What Interests Look Good On a Resume

Hobbies Can Help

Your favorite hobby may be a way to help build your resume.

As you start to use Resume Builder, you may worry that your resume will be too short. Don't despair if the Employment History section is a bit brief. Checking the little box that says, "Do not include my Employment History on my resume" is not necessarily a bad thing.

You may not have had a paying job, but that doesn't mean you haven't developed any skills. Your love of hockey or skill on a skateboard could actually help build your resume.

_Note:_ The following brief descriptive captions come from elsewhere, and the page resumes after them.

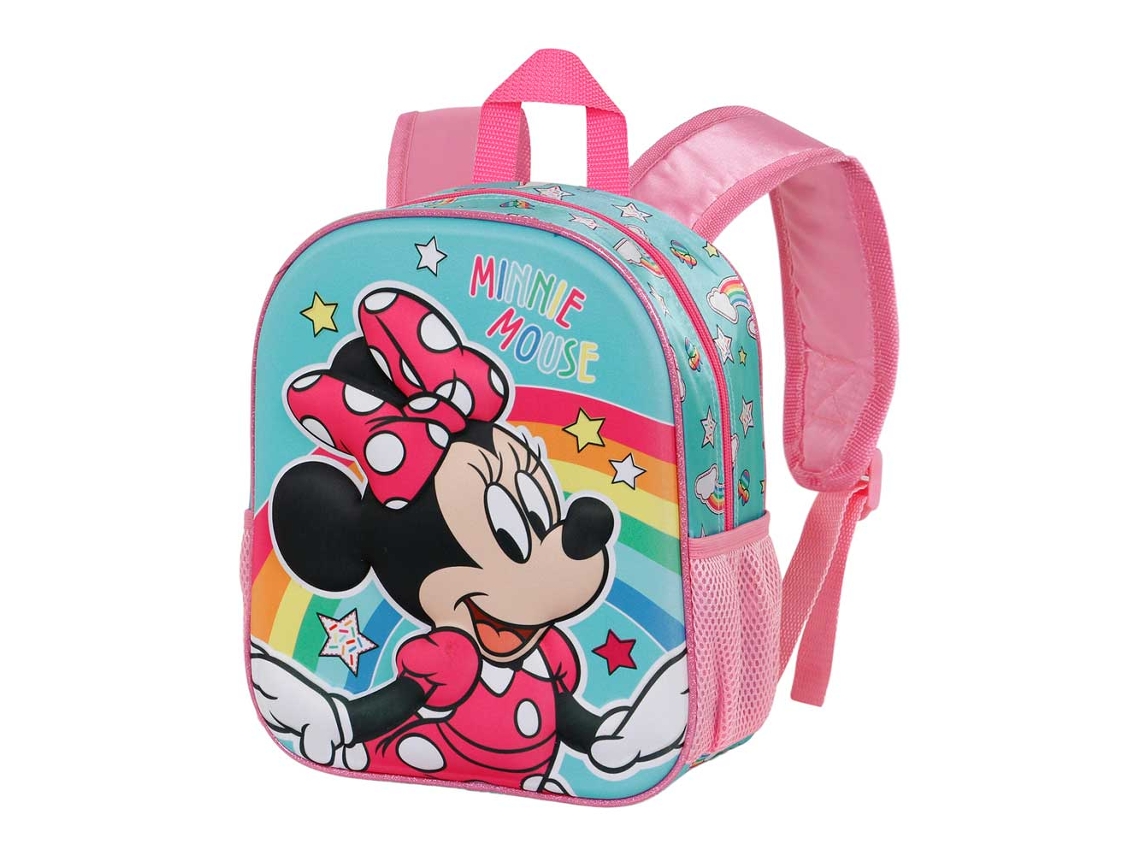 Minnie Mouse Colors Mochila 3D Pequeña, Azul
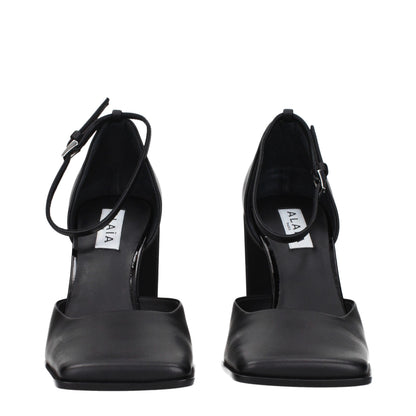Alaïa Black Leather High Heel Pumps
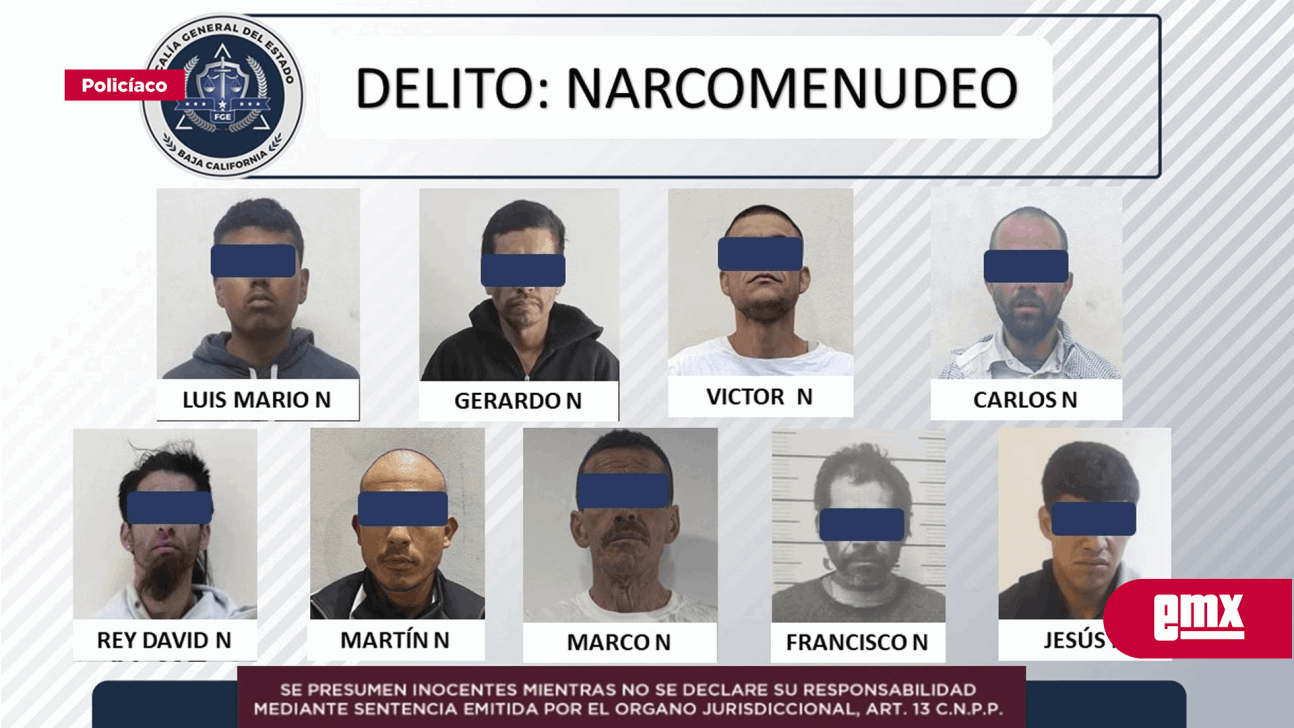 EMX-Vinculan a proceso a seis por posesión de droga en Tijuana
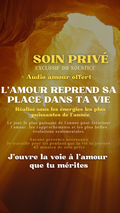 SOIN PRIVE L'AMOUR REPREND SA PLACE DANS TA VIE (place limité)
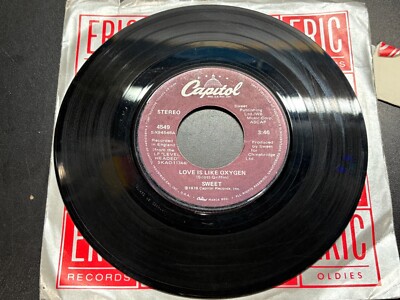 Sweet Love Is Like Oxygen / Cover Girl  Capitol 1978 45 Record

Susan Ireland is the author of The Complete Idiot's Guide to the Perfect Resume. She notes that the less work history you have, the more you should include related pastimes. "What you do in your unpaid time may say more about who you are than what you do for employment."

Show Your Potential

The key is to list extracurricular activities that relate to your employment objective. "Once you figure out the kind of work you want to do, you should show you have the skills needed for that job," says Ireland.

"You may want to mention you play video games 20 hours a week, but only if you are applying for a job in a video game store. You most likely want to leave that off if you plan to babysit."

Looking for an office job? "If you have computer skills that are highly important to your next job, you can highlight them by creating a special section for them," says Ireland. "Your list may include hardware, software, programming languages, systems and networks."

Good-Looking Activities

Certain skills are equally attractive to all employers. Candace Davies is a professional resume writer based in Alberta. She suggests you include pastimes that show initiative, leadership and teamwork.

The National Association of Colleges and Employers (NACE) provides career help for college graduates. Its website says recruiters like to see proof of leadership experience. So, if you edit the school paper or are captain of the football team, you may want to mention that on the resume.

Employers won't assume you are honest and hardworking -- you have to prove it to them on your resume. "If they are hiring someone to deliver pizzas, they want people who have shown they can commit to something," says Ireland.

Volunteer? If so, you'll definitely want to list your volunteer experience. Many employers regard it as worthy in and of itself.

What to Leave Off

Many people would be impressed by the ability to snowboard blindfolded or rap in Ukrainian. But that doesn't mean you'll want to put these accomplishments on your resume.

"Showing your competitive nature through your involvement in sports may work if you want a sales position," says Ireland. "But it might not for other jobs."

Davies feels that, in most cases, it isn't wise to admit to things like watching TV. 'They don't show teambuilding or leadership skills."

Be sure that activities you do include have obvious value to your potential employer. And if you don't think the employer will care, don't put it in there!

Where Does It Fit?

In the Resume Builder, you would put your hobbies and activities in the Accomplishments and Activities section.

But don't just list the hobbies without any explanations. Show what you accomplished in that activity. Take a look at Jane Doe's resume.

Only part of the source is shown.